## Description of the task
All records that follow are to be copied exactly, with images omitted.

Stored dataset items:
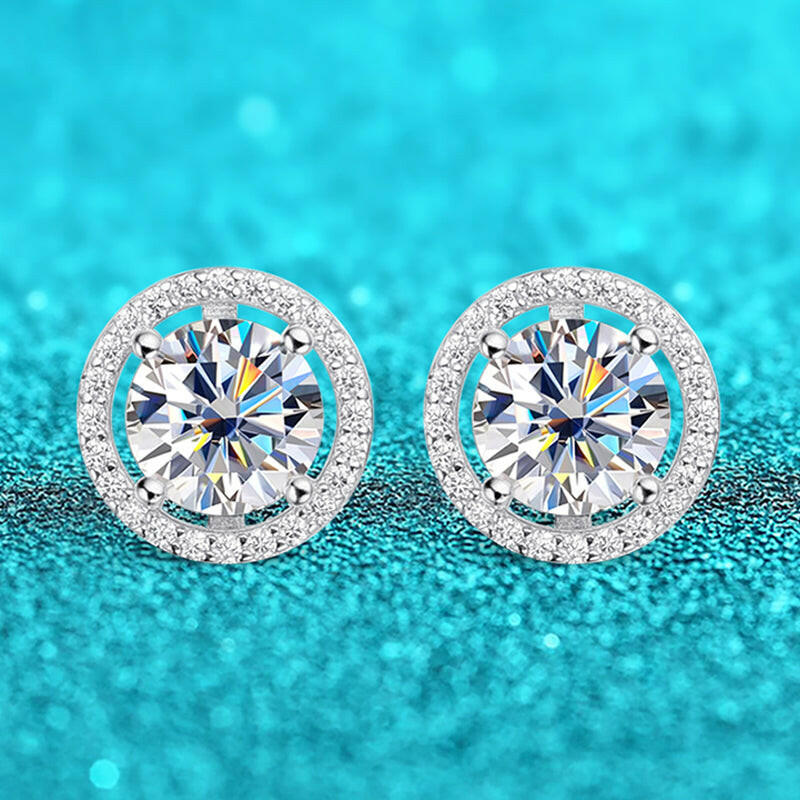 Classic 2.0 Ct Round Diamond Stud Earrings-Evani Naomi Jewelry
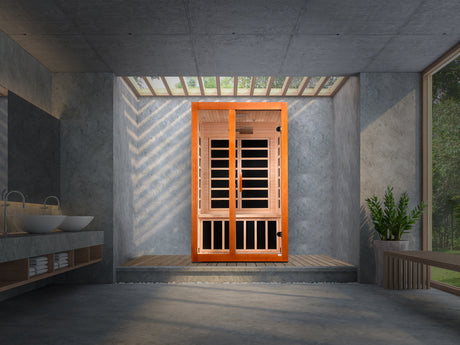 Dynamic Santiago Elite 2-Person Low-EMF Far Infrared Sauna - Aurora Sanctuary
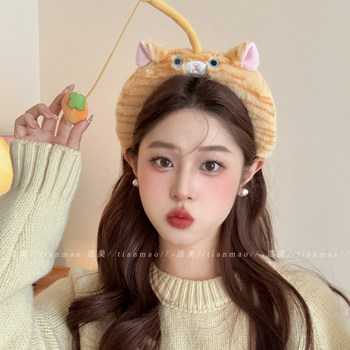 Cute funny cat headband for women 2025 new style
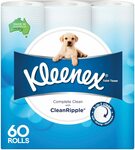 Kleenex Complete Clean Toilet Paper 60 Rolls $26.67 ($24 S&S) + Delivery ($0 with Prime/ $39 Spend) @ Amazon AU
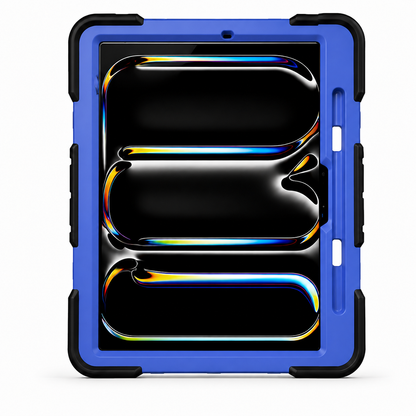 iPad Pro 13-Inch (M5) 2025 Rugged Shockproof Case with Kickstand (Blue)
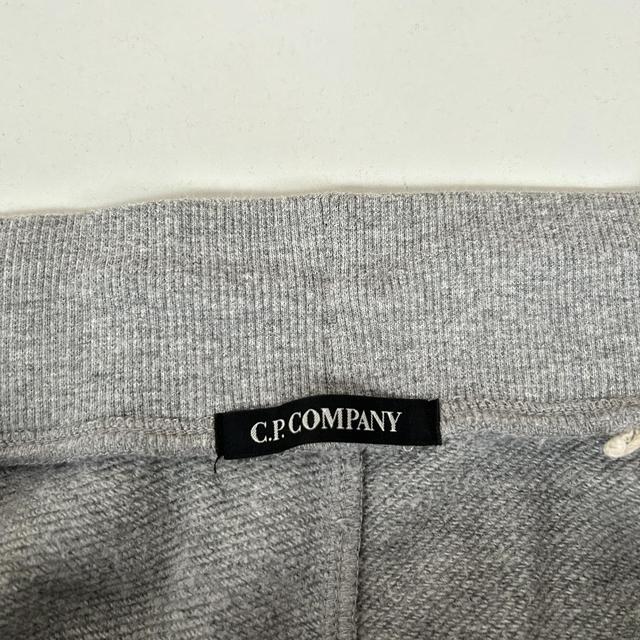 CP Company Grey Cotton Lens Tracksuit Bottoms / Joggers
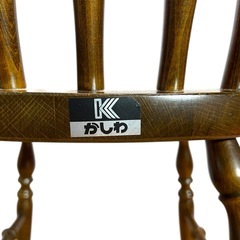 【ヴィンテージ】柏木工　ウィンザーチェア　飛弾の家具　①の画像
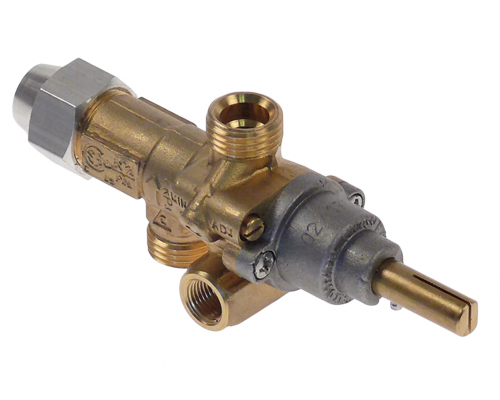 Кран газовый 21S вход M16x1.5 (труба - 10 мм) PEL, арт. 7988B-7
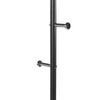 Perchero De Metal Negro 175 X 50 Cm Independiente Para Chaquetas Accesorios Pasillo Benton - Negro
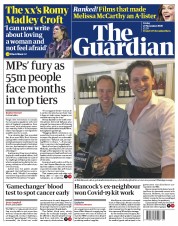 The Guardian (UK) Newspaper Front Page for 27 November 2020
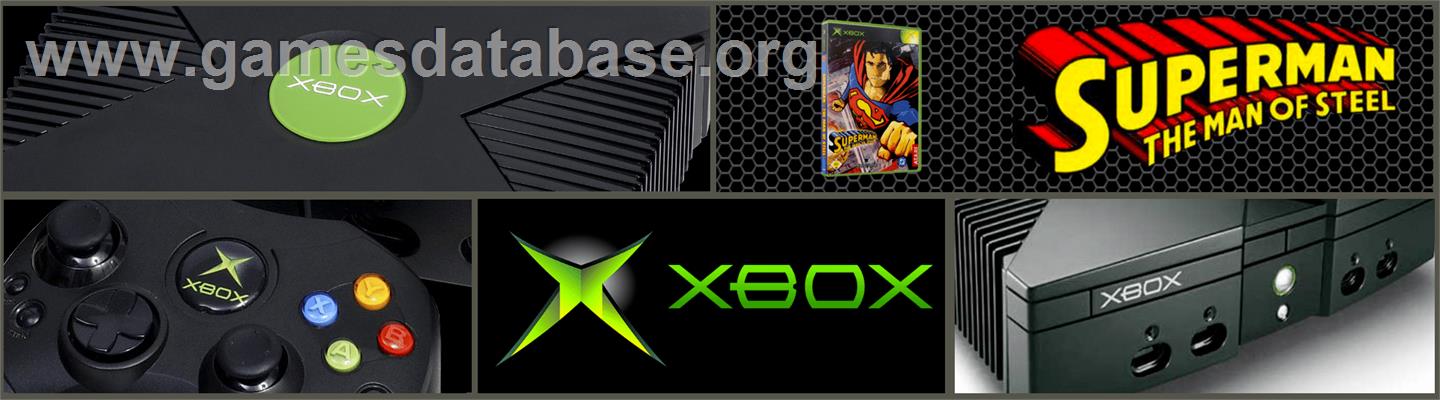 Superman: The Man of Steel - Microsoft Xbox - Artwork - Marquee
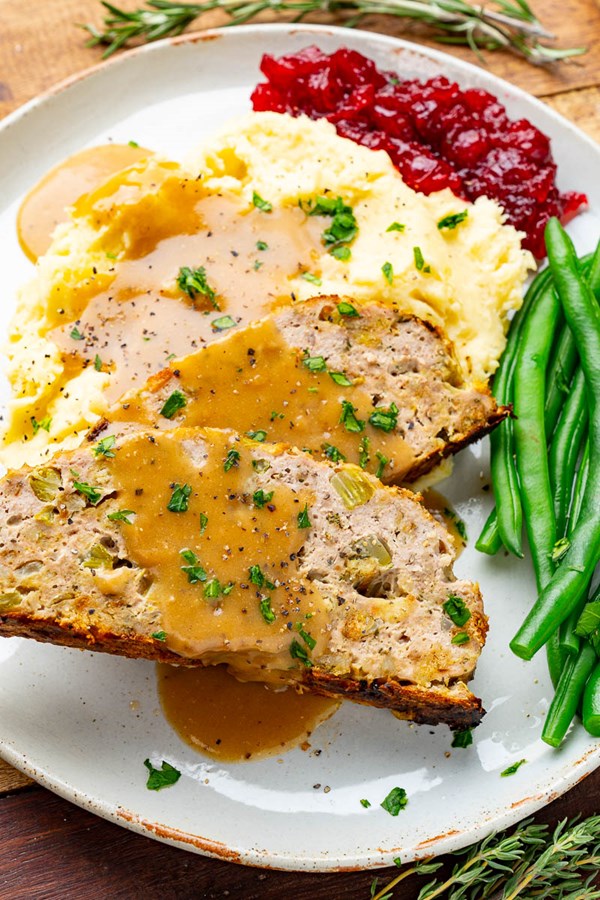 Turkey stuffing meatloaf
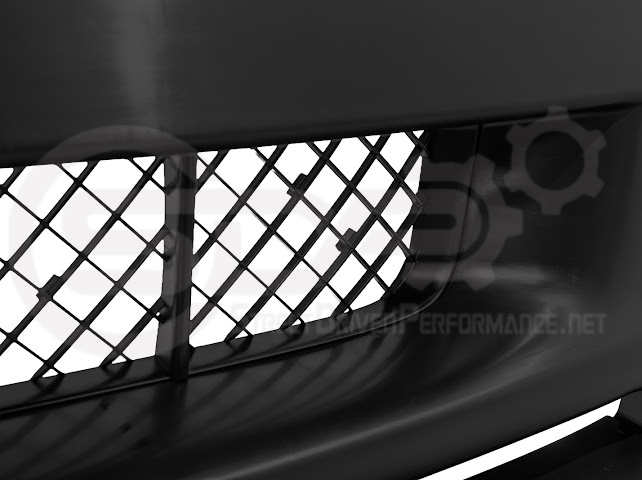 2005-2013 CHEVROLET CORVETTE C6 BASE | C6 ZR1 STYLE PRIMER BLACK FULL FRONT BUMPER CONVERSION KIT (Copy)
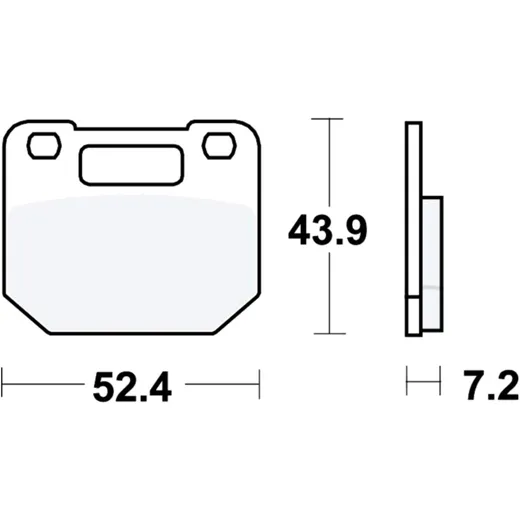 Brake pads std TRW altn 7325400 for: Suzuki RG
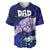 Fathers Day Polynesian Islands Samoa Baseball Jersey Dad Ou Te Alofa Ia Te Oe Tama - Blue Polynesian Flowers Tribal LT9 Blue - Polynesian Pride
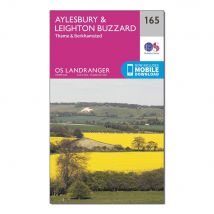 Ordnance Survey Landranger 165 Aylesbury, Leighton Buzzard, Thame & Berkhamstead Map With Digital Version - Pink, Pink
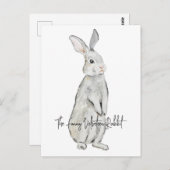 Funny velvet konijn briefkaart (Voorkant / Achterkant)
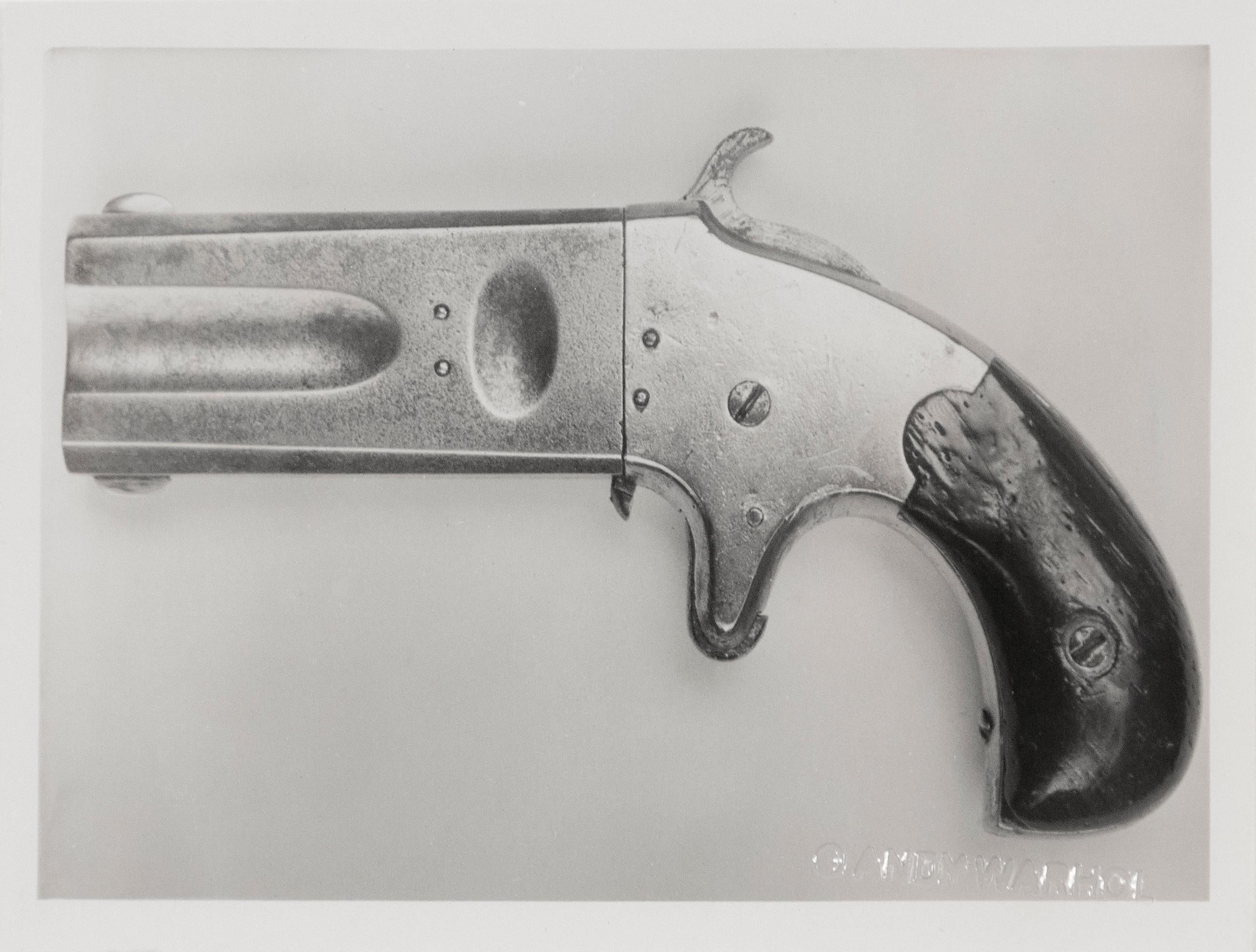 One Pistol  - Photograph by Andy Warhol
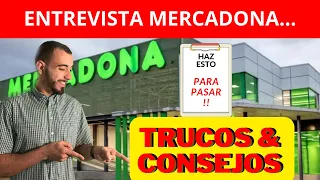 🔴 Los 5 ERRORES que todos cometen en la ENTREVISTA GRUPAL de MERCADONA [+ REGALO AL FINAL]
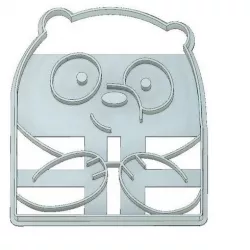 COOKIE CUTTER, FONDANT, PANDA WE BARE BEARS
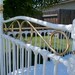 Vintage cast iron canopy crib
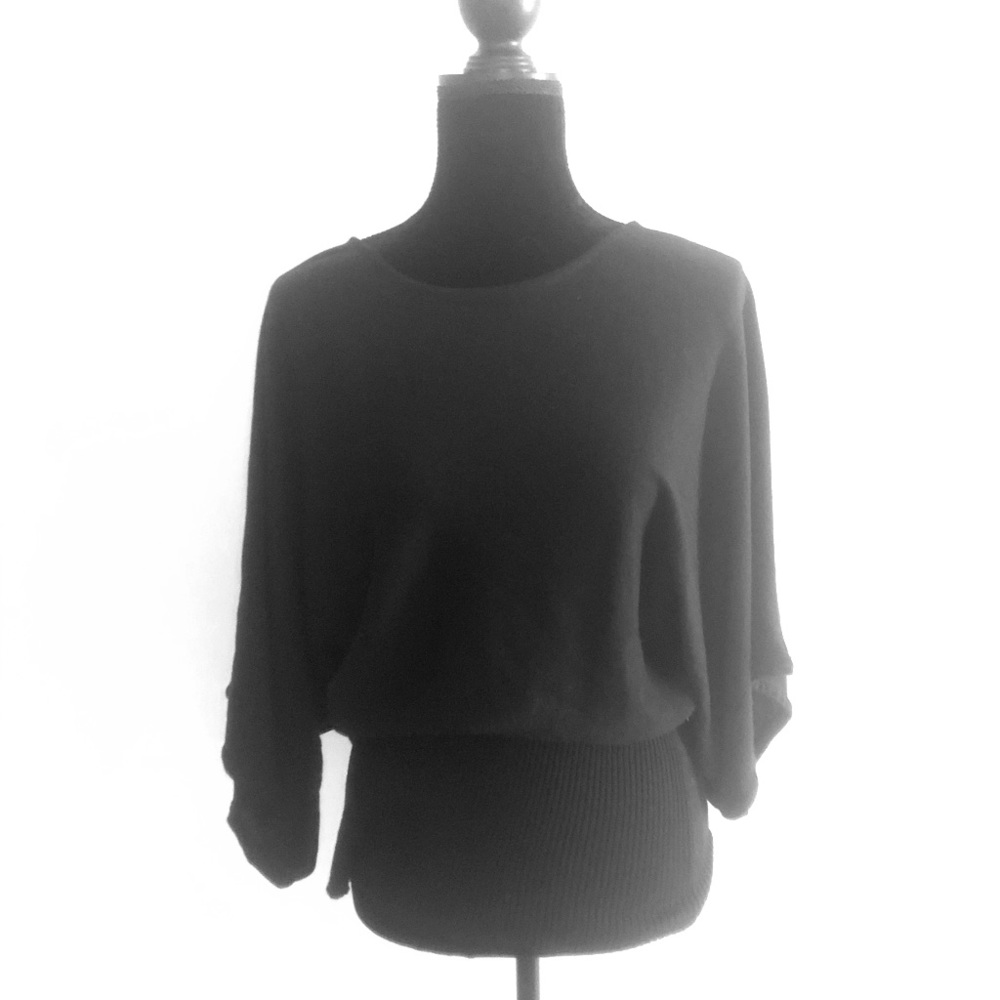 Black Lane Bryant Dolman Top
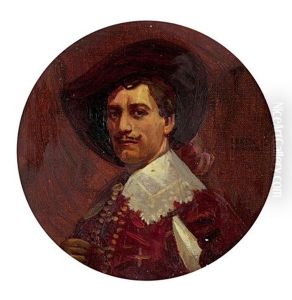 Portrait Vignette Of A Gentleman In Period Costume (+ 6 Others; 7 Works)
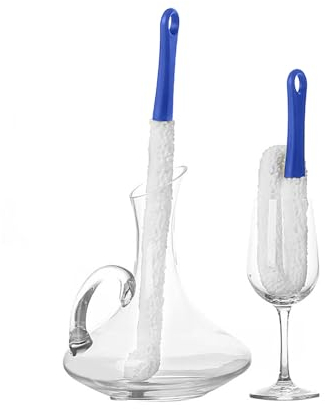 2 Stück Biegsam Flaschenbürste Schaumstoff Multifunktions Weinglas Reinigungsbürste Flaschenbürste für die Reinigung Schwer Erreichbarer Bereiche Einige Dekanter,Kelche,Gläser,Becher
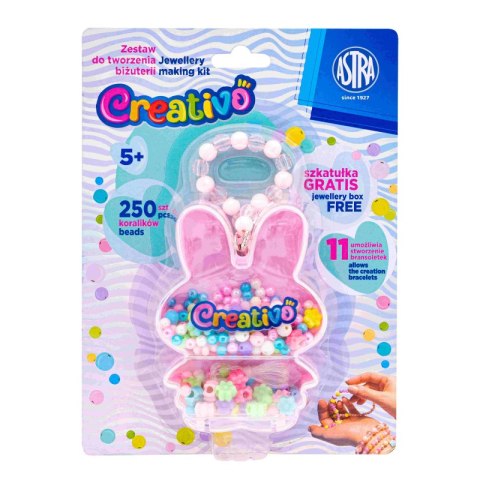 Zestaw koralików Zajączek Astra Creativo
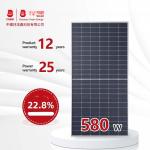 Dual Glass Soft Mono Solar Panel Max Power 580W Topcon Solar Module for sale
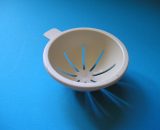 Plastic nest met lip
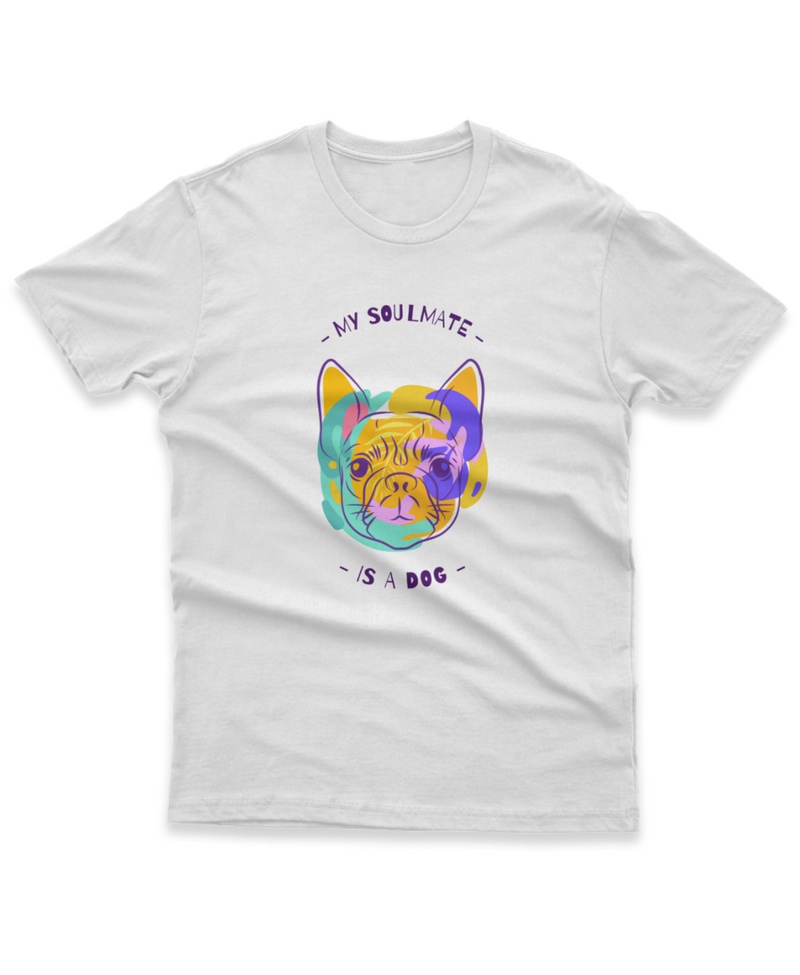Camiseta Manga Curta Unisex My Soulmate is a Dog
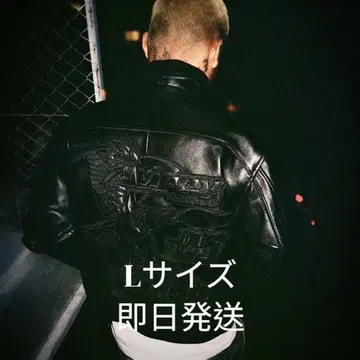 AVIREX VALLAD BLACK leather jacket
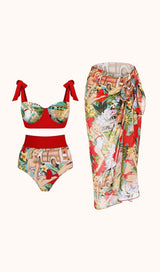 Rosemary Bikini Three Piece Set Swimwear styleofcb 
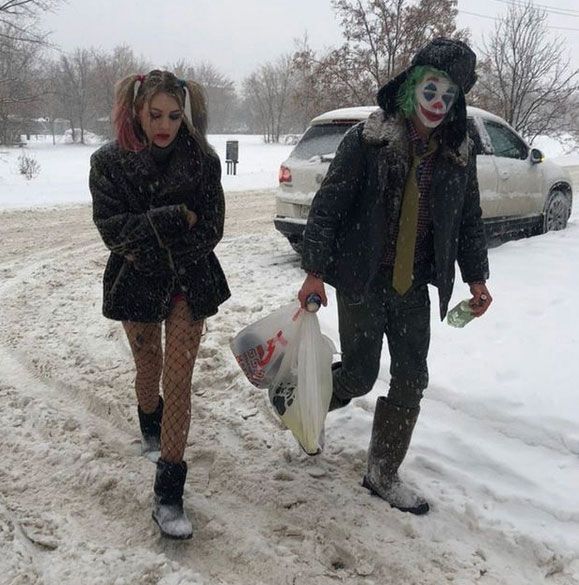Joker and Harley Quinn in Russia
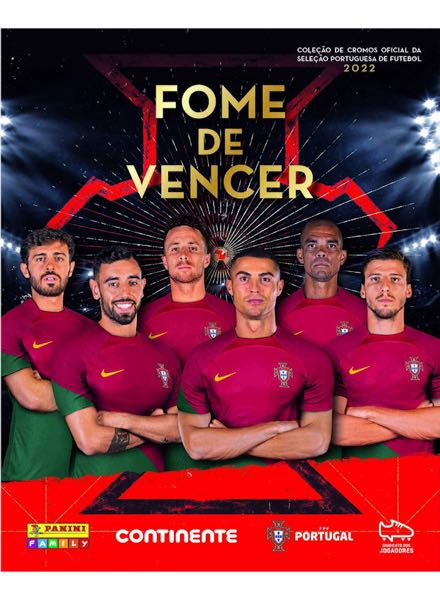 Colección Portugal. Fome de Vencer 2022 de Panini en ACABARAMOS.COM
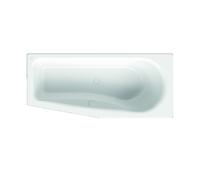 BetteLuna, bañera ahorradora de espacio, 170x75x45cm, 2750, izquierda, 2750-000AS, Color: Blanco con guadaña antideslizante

## Completed exercise
 Classic 2.0 Ct Round Diamond Stud Earrings-Evani Naomi Jewelry
 Dynamic Santiago Elite 2-Person Low-EMF Far Infrared Sauna - Aurora Sanctuary
 Cute funny cat headband for women 2025 new style
 Kleenex Complete Clean Toilet Paper 60 Rolls $26.67 ($24 S&S) + Delivery ($0 with Prime/ $39 Spend) @ Amazon AU
 iPad Pro 13-Inch (M5) 2025 Rugged Shockproof Case with Kickstand (Blue)
 CP Company Grey Cotton Lens Tracksuit Bottoms / Joggers
 【ヴィンテージ】柏木工　ウィンザーチェア　飛弾の家具　①の画像
 Кран газовый 21S вход M16x1.5 (труба - 10 мм) PEL, арт. 7988B-7
 Perchero De Metal Negro 175 X 50 Cm Independiente Para Chaquetas Accesorios Pasillo Benton - Negro
 The Guardian (UK) Newspaper Front Page for 27 November 2020
 Superman: The Man of Steel - Microsoft Xbox - Artwork - Marquee
 Turkey stuffing meatloaf
 2005-2013 CHEVROLET CORVETTE C6 BASE | C6 ZR1 STYLE PRIMER BLACK FULL FRONT BUMPER CONVERSION KIT (Copy)
 Brake pads std TRW altn 7325400 for: Suzuki RG
 Fathers Day Polynesian Islands Samoa Baseball Jersey Dad Ou Te Alofa Ia Te Oe Tama - Blue Polynesian Flowers Tribal LT9 Blue - Polynesian Pride
 Ordnance Survey Landranger 165 Aylesbury, Leighton Buzzard, Thame & Berkhamstead Map With Digital Version - Pink, Pink
 Funny velvet konijn briefkaart (Voorkant / Achterkant)
 One Pistol  - Photograph by Andy Warhol
 🔴 Los 5 ERRORES que todos cometen en la ENTREVISTA GRUPAL de MERCADONA [+ REGALO AL FINAL]
 COOKIE CUTTER, FONDANT, PANDA WE BARE BEARS
 Vintage cast iron canopy crib
 Black Lane Bryant Dolman Top
 Portrait Vignette Of A Gentleman In Period Costume (+ 6 Others; 7 Works)
 2 Stück Biegsam Flaschenbürste Schaumstoff Multifunktions Weinglas Reinigungsbürste Flaschenbürste für die Reinigung Schwer Erreichbarer Bereiche Einige Dekanter,Kelche,Gläser,Becher
 Zestaw koralików Zajączek Astra Creativo
 Dual Glass Soft Mono Solar Panel Max Power 580W Topcon Solar Module for sale
 Plastic nest met lip
Camiseta Manga Curta Unisex My Soulmate is a Dog
 AVIREX VALLAD BLACK leather jacket
 Rosemary Bikini Three Piece Set Swimwear styleofcb 
Joker and Harley Quinn in Russia
 Colección Portugal. Fome de Vencer 2022 de Panini en ACABARAMOS.COM
 BetteLuna, bañera ahorradora de espacio, 170x75x45cm, 2750, izquierda, 2750-000AS, Color: Blanco con guadaña antideslizante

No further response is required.